**TASK**
From the line that contains "Quiet Company black" through the line that contains "Close-up of man looking through window", output every line of the listing below exactly and leave out all the rest.

**TASK DATA**
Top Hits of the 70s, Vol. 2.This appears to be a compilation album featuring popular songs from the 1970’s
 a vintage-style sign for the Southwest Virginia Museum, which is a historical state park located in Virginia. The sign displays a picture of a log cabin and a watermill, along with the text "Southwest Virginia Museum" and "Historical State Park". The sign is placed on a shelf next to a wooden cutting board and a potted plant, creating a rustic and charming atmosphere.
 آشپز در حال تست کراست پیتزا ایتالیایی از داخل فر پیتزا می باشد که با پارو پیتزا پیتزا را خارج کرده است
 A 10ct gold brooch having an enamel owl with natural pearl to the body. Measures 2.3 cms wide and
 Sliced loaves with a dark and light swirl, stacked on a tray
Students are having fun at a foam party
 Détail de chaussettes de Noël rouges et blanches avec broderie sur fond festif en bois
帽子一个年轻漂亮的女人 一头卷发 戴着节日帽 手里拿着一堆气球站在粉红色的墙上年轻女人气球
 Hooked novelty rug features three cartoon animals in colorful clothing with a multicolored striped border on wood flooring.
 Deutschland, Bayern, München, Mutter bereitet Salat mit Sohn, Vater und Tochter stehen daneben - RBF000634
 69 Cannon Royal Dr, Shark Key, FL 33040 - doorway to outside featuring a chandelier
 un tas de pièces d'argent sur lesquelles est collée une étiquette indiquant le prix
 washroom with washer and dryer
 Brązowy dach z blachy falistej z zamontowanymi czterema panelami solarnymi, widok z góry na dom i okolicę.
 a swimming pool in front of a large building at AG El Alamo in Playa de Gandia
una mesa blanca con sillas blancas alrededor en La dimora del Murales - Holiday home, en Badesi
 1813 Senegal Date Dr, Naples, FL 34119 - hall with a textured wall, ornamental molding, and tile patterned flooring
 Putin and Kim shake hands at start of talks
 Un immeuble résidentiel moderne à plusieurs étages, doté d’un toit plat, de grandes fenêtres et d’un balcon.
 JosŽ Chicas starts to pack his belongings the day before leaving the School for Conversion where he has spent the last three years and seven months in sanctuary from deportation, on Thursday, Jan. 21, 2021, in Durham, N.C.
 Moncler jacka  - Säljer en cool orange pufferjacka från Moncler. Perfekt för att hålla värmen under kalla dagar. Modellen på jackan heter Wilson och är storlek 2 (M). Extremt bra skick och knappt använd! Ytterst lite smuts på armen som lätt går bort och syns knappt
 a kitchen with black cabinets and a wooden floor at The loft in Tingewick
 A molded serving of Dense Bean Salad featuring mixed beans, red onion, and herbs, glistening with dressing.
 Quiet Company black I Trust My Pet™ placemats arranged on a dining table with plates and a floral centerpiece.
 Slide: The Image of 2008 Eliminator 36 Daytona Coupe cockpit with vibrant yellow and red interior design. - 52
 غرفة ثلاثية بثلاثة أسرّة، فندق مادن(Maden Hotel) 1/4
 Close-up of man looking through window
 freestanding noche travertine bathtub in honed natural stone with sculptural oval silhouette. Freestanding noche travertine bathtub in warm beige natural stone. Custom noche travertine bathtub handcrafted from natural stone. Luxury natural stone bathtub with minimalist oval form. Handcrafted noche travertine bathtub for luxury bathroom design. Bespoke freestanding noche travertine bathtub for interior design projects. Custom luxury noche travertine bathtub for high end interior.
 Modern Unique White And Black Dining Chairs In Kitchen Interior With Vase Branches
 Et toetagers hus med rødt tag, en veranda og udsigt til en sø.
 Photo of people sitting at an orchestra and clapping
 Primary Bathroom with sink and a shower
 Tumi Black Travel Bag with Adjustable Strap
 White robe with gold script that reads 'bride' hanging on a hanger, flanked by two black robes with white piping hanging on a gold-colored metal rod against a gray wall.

**WRITTEN RESPONSE**
 Quiet Company black I Trust My Pet™ placemats arranged on a dining table with plates and a floral centerpiece.
 Slide: The Image of 2008 Eliminator 36 Daytona Coupe cockpit with vibrant yellow and red interior design. - 52
 غرفة ثلاثية بثلاثة أسرّة، فندق مادن(Maden Hotel) 1/4
 Close-up of man looking through window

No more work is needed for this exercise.